### TASK BRIEF
Would you transcribe each entry that follows word for word, minus the images?

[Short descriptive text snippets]
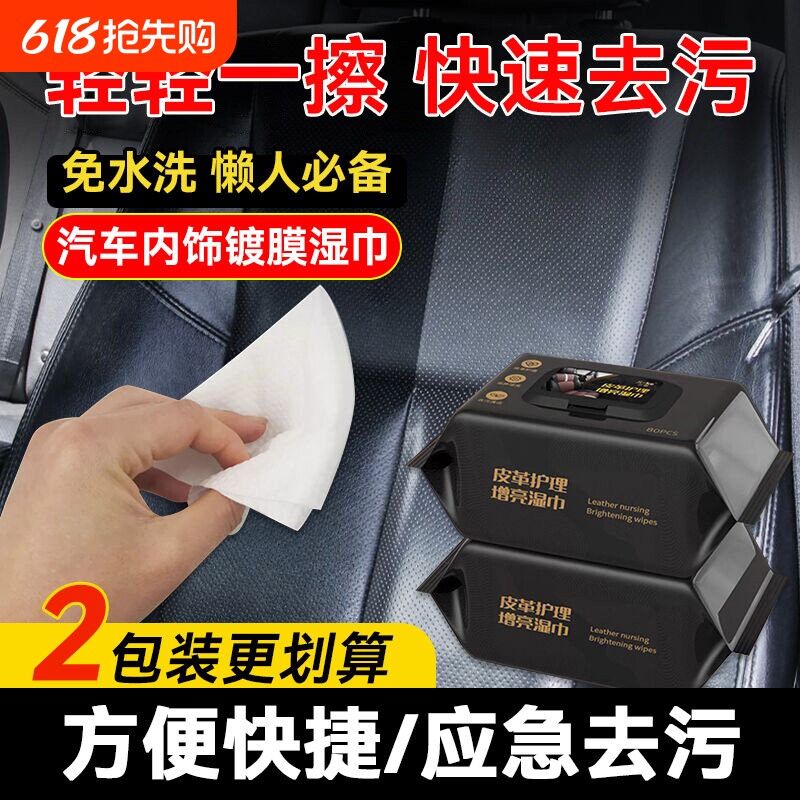 汽车内饰清洁湿巾车用养护皮革座椅专用强力去污渍多功能擦车神器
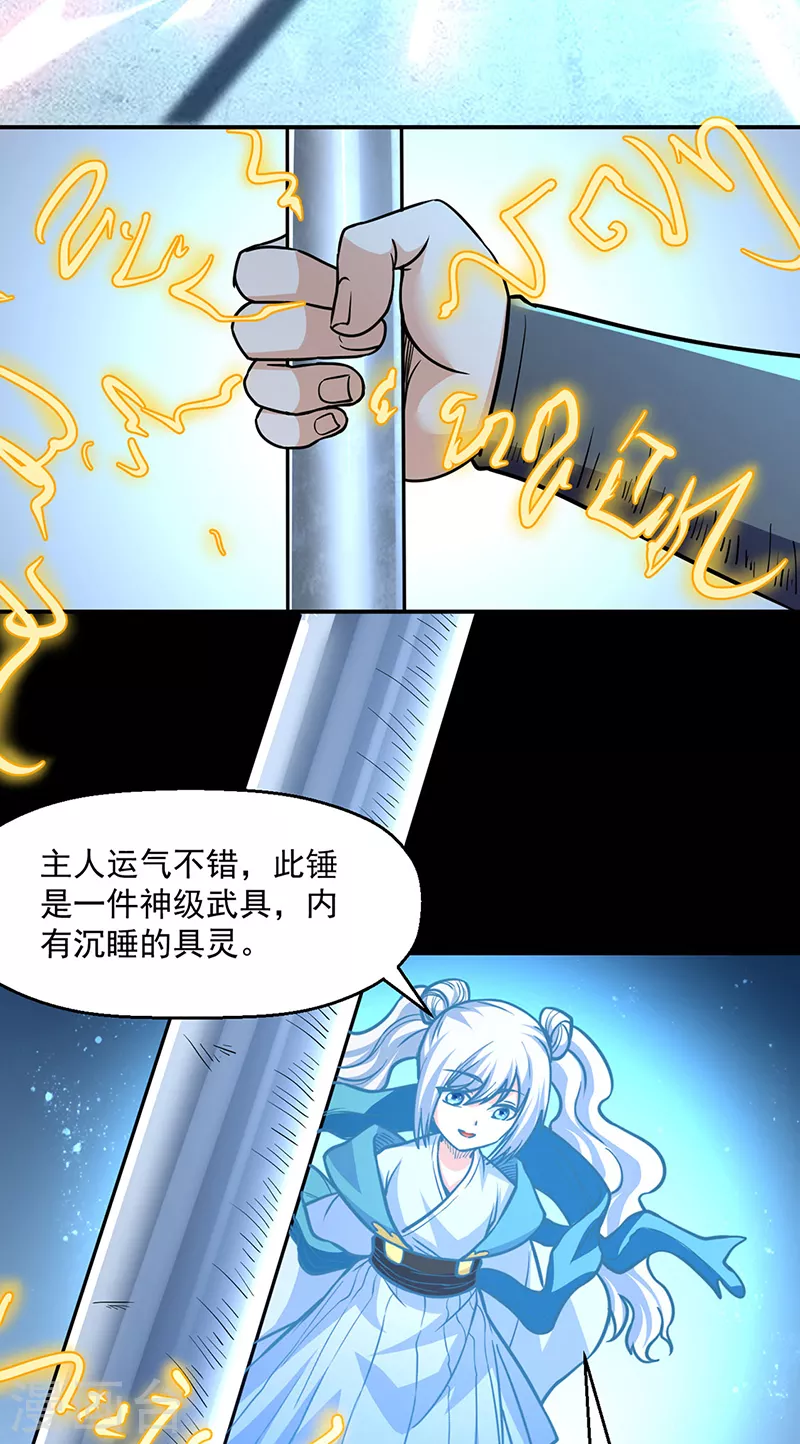 第467话 龙锤24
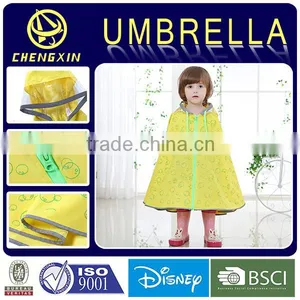 Made-to-order Customized Kids Raincoat thumbnail-1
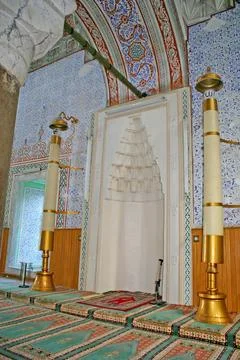 Haseki Sultan Mosque and Complex Stock Photos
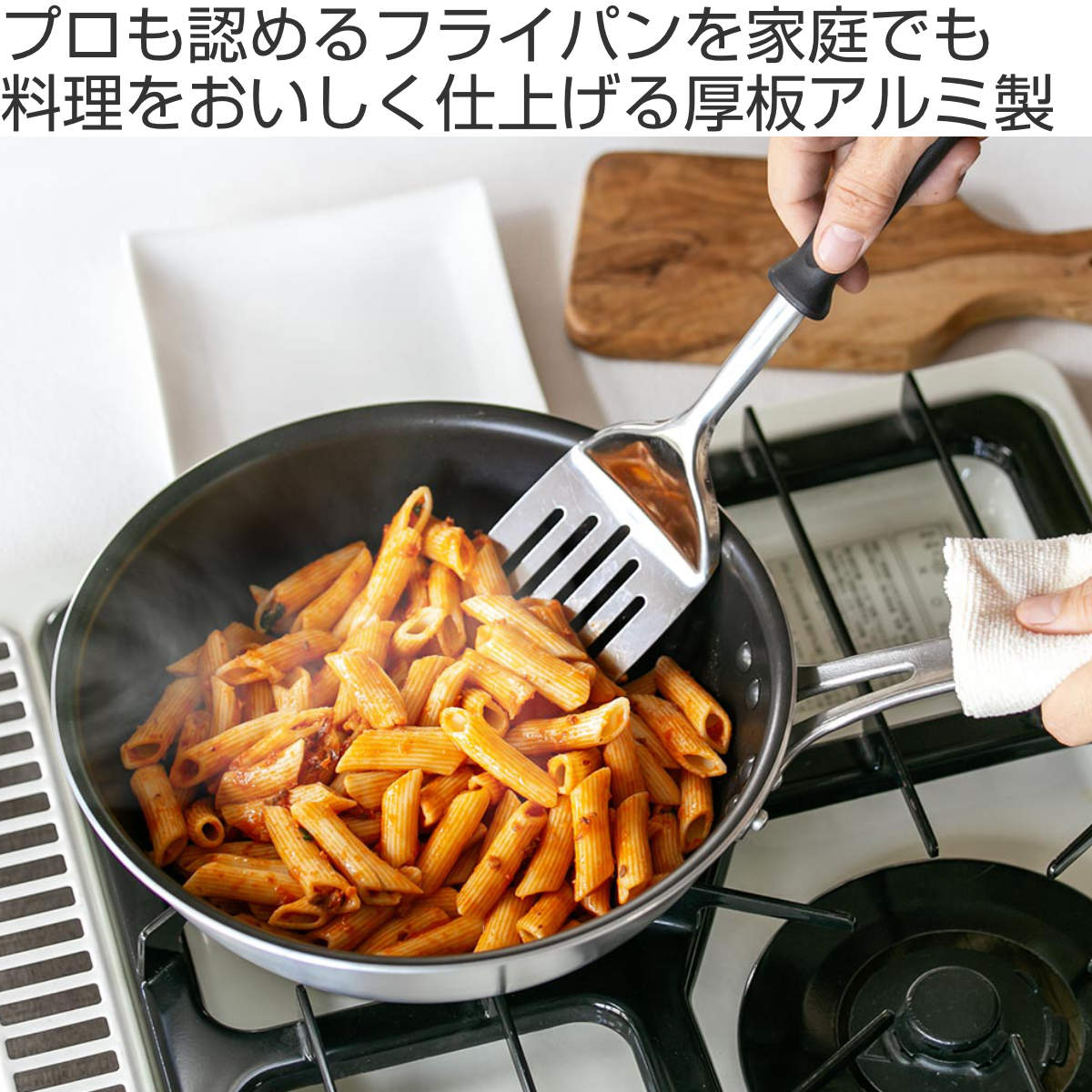 フライパン 27cm 深型 アルミ製 フッ素樹脂加工 シルクフライパン 日本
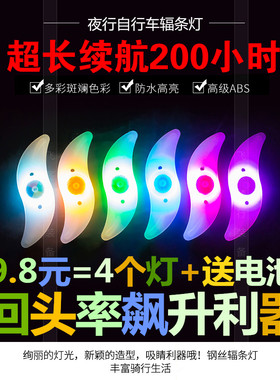 风火轮辐条灯儿童车轮胎灯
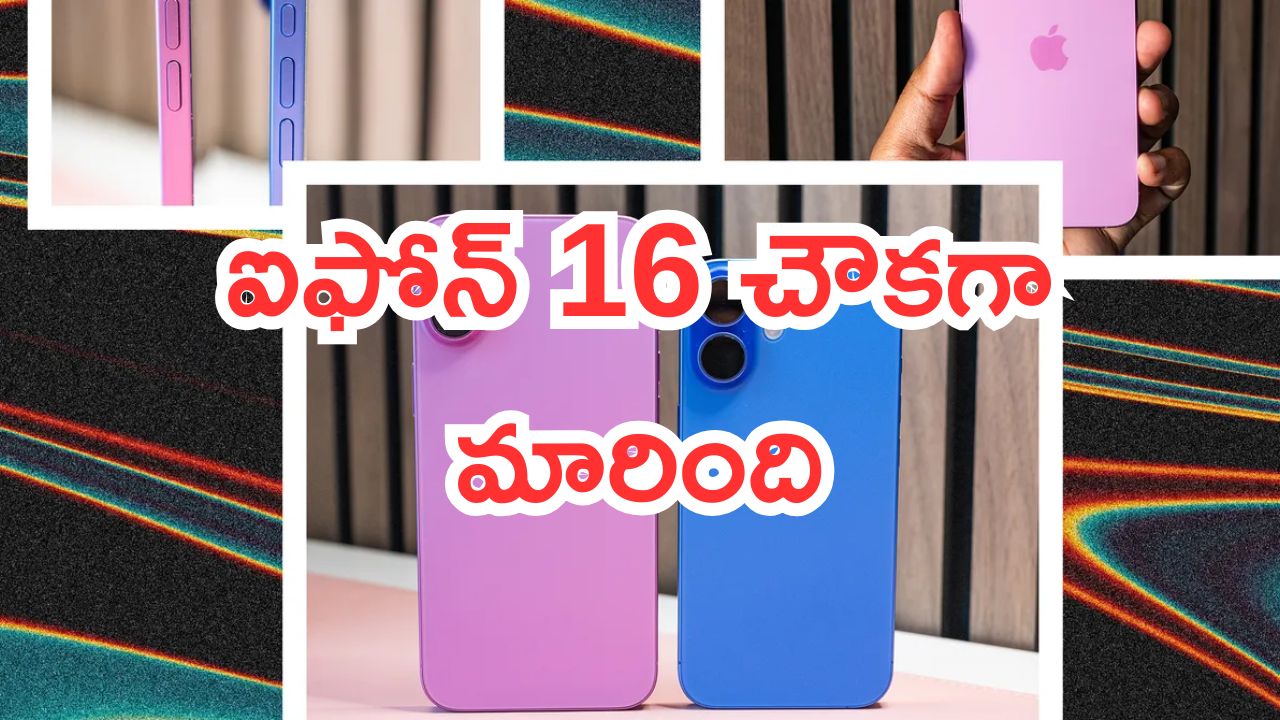 iPhone 16 Deal: రక్షాబంధన్ స్పెషల్.. ఐఫోన్ 16 చౌకగా మారింది.. డీల్ చెక్ చేయండి..!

### SOLUTION BELOW
 汽车内饰清洁湿巾车用养护皮革座椅专用强力去污渍多功能擦车神器
 第467话 龙锤24
 Made-to-order Customized Kids Raincoat thumbnail-1
 Haseki Sultan Mosque and Complex Stock Photos
 フライパン 27cm 深型 アルミ製 フッ素樹脂加工 シルクフライパン 日本
 风火轮辐条灯儿童车轮胎灯
 iPhone 16 Deal: రక్షాబంధన్ స్పెషల్.. ఐఫోన్ 16 చౌకగా మారింది.. డీల్ చెక్ చేయండి..!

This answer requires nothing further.